Directions: Each record must be copied in full and unchanged; any image it holds is excluded.

Data entries

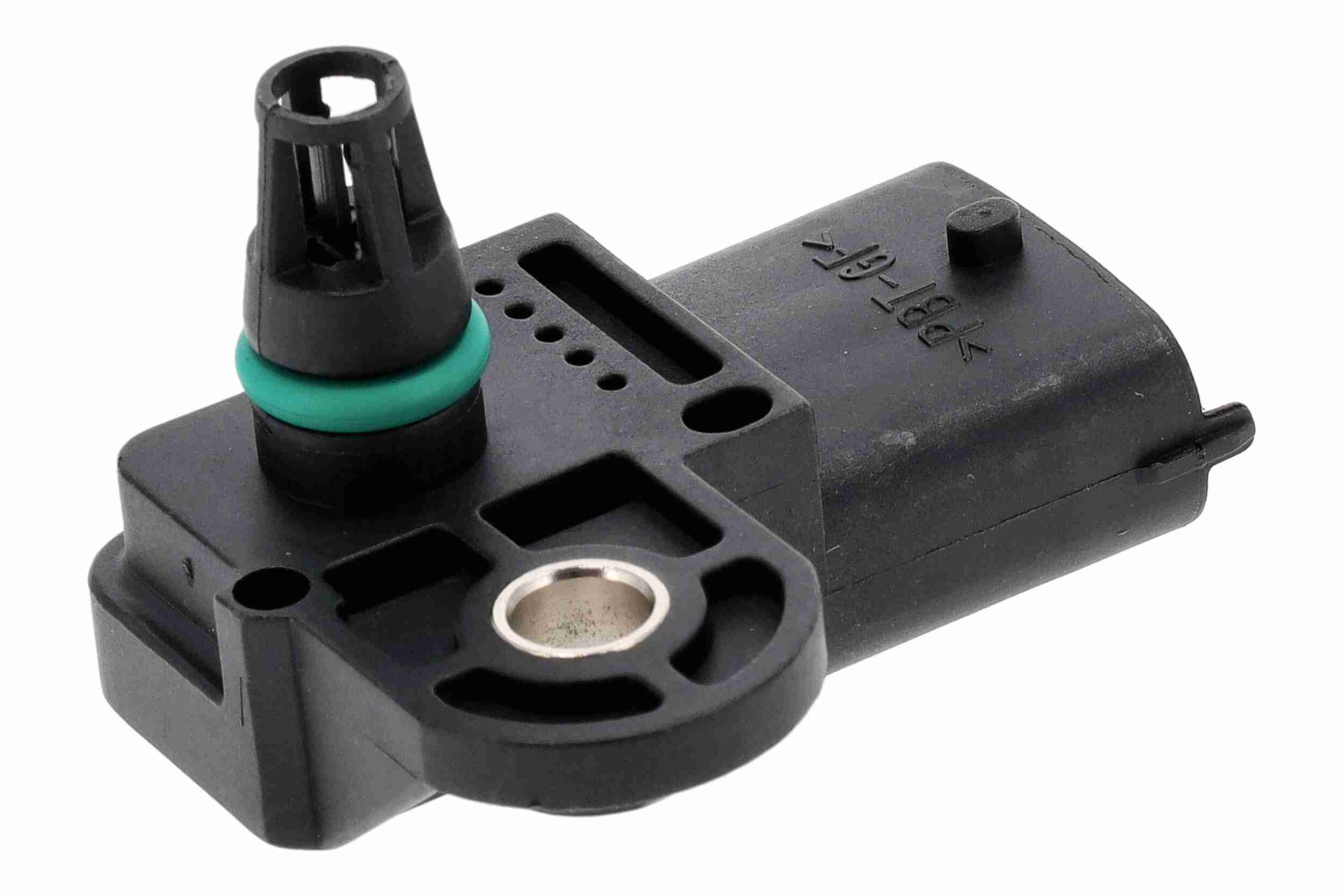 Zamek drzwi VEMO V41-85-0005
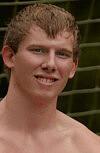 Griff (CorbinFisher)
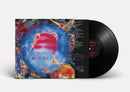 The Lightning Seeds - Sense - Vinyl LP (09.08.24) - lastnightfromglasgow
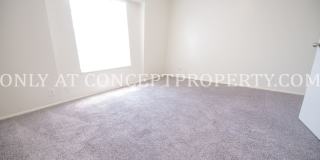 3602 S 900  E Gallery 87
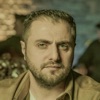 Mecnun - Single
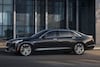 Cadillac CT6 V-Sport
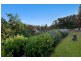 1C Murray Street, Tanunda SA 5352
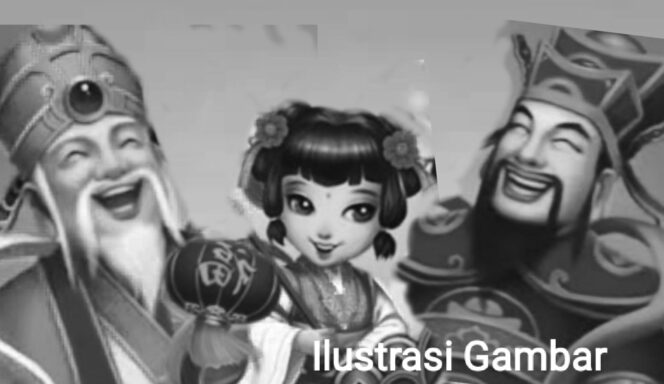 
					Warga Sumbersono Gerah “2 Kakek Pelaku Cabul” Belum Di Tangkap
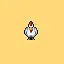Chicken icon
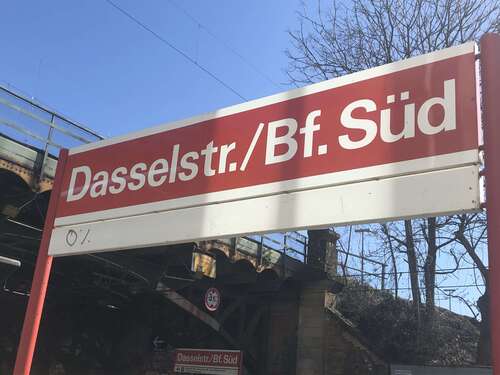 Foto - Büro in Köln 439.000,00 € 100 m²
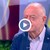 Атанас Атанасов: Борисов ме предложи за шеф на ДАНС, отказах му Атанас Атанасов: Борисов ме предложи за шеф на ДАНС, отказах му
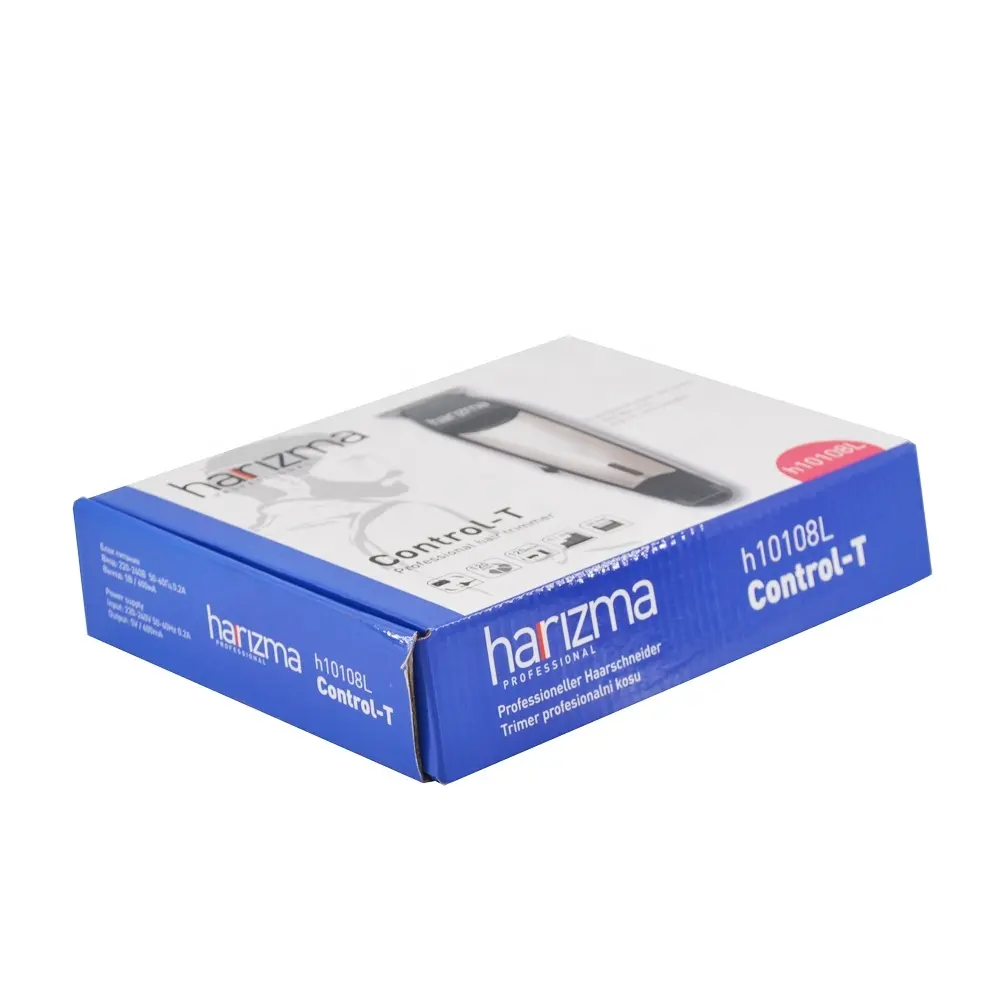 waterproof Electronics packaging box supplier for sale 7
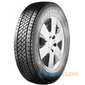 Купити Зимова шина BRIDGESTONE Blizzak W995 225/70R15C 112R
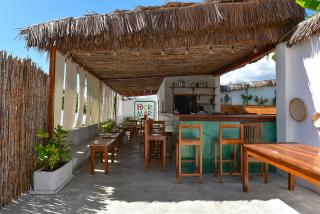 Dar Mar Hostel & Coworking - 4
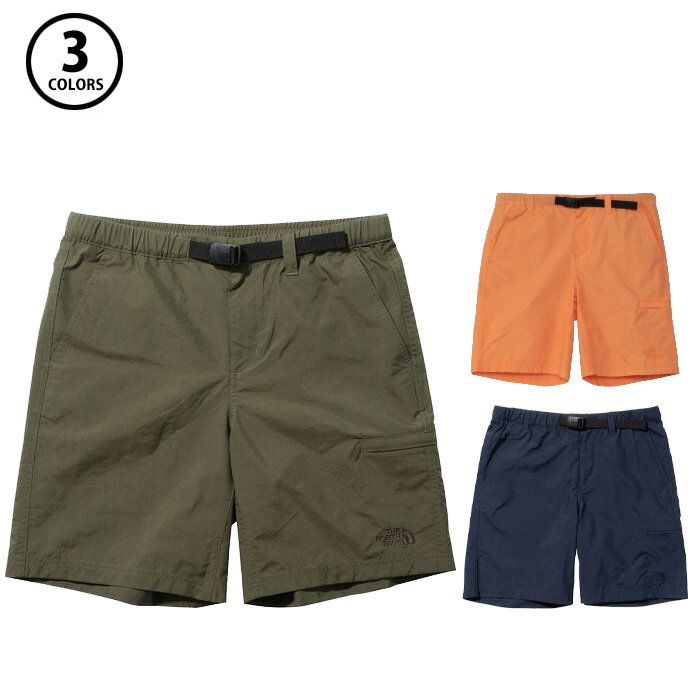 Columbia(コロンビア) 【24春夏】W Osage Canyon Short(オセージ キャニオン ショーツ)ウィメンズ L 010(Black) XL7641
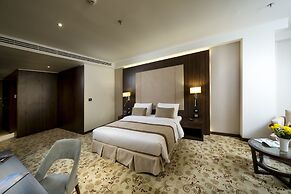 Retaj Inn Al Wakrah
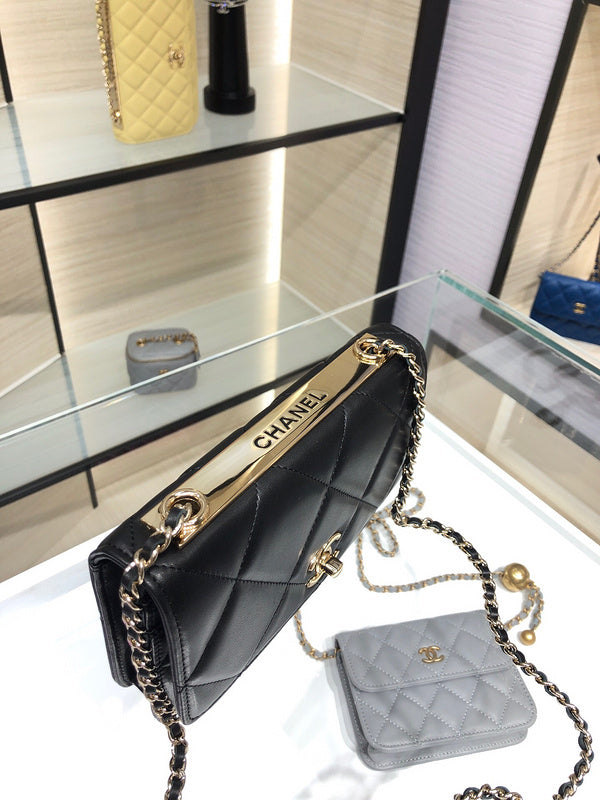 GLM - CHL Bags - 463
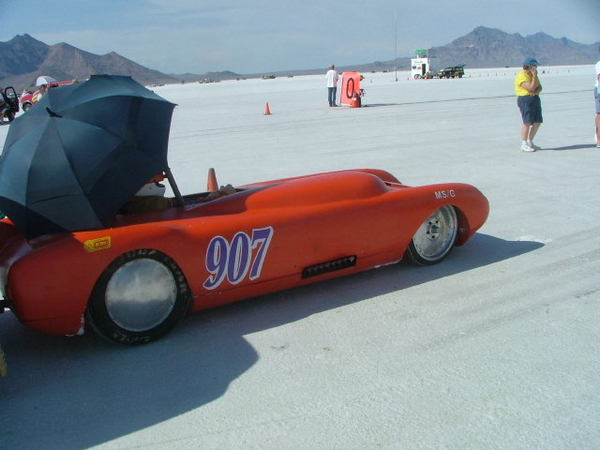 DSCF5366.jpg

Expected answer:
 Zamek drzwi VEMO V41-85-0005
 Griff (CorbinFisher)
 The Lightning Seeds - Sense - Vinyl LP (09.08.24) - lastnightfromglasgow
 3602 S 900  E Gallery 87
 Mecnun - Single
 Cadillac CT6 V-Sport
 1C Murray Street, Tanunda SA 5352
					Warga Sumbersono Gerah “2 Kakek Pelaku Cabul” Belum Di Tangkap
Chicken icon
 Foto - Büro in Köln 439.000,00 € 100 m²
 Атанас Атанасов: Борисов ме предложи за шеф на ДАНС, отказах му Атанас Атанасов: Борисов ме предложи за шеф на ДАНС, отказах му
 waterproof Electronics packaging box supplier for sale 7
 Купити Зимова шина BRIDGESTONE Blizzak W995 225/70R15C 112R
 Dar Mar Hostel & Coworking - 4
 Columbia(コロンビア) 【24春夏】W Osage Canyon Short(オセージ キャニオン ショーツ)ウィメンズ L 010(Black) XL7641
 Retaj Inn Al Wakrah
 GLM - CHL Bags - 463
 DSCF5366.jpg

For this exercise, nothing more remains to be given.